What needs to be done:
The line with "2005 Mercedes-Benz Ml", the line with "Lãnh đạo tỉnh", and all lines between them in the material below: return these exactly, and no others.

Provided data:
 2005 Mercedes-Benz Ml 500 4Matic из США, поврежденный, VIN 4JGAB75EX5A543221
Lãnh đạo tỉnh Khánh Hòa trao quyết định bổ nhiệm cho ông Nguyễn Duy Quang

---

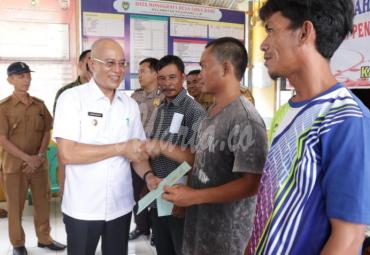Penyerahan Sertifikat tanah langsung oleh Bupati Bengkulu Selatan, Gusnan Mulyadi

* * *

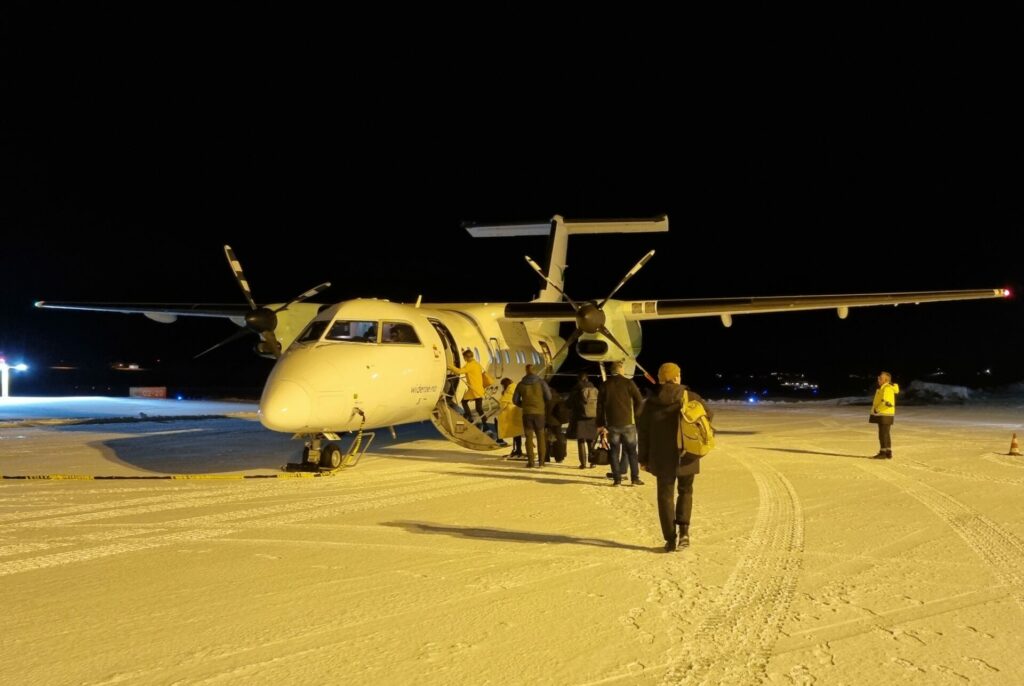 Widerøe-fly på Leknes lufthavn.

Answer for the task:
 2005 Mercedes-Benz Ml 500 4Matic из США, поврежденный, VIN 4JGAB75EX5A543221
Lãnh đạo tỉnh Khánh Hòa trao quyết định bổ nhiệm cho ông Nguyễn Duy Quang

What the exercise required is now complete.